Analyzed how many student names start with each letter:

first_letters <- toupper(substr(students_data$first_name, 1, 1))
all_letters <- data.frame(
  letter = LETTERS,
  count = 0
)

letter_counts <- table(first_letters)
for (i in 1:length(letter_counts)) {
  letter <- names(letter_counts)[i]
  all_letters$count[all_letters$letter == letter] <- letter_counts[letter]
}

knitr::kable(all_letters, caption = "Distribution of first letters in student names")

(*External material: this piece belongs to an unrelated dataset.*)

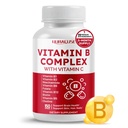 Vitamin B Komplex Vitamin B1, B2, 6,9,12 Niacin, mit Vitamin C - Unterstützung der Gesundheit des Gehirns, Energieniveaus, Haut, Haare und Nägel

Distribution of first letters in student names
letter	count
A	0
B	2
C	0
D	1
E	1
F	2
G	0
H	1
I	0
J	2
K	0
L	1
M	0
N	0
O	0
P	2
Q	0
R	1
S	3
T	0
U	0
V	2
W	0
X	0
Y	0
Z	1

Step 3: Visualizing the Distribution

Colorful barplot showing the count of student names by their first letter:

letter_plot <- ggplot(all_letters, aes(x = letter, y = count, fill = letter)) +
  geom_bar(stat = "identity", width = 0.7) +
  geom_text(aes(label = ifelse(count > 0, count, "")), vjust = -0.5, size = 3.5) +
  scale_fill_viridis_d() +  # Colorful palette
  labs(
    title = "Count of Student Names by First Letter",
    x = "First Letter of Name",
    y = "Number of Students"
  ) +
  theme_minimal() +
  theme(
    plot.title = element_text(hjust = 0.5, face = "bold"),
    axis.text = element_text(face = "bold"),
    legend.position = "none"
  ) +
  scale_y_continuous(breaks = seq(0, max(all_letters$count), by = 1))
print(letter_plot)

ggsave("student_name_distribution.png", letter_plot, width = 10, height = 5)

Conclusion

The analysis shows the distribution of first letters among student names in our class. This simple analysis helps us understand the diversity of names in our classroom. As we can see, some letters appear much more frequently than others as the first letter of student names, while many letters don’t appear at all.

In particular, the letters P and S are the most common starting letters with 3 students each.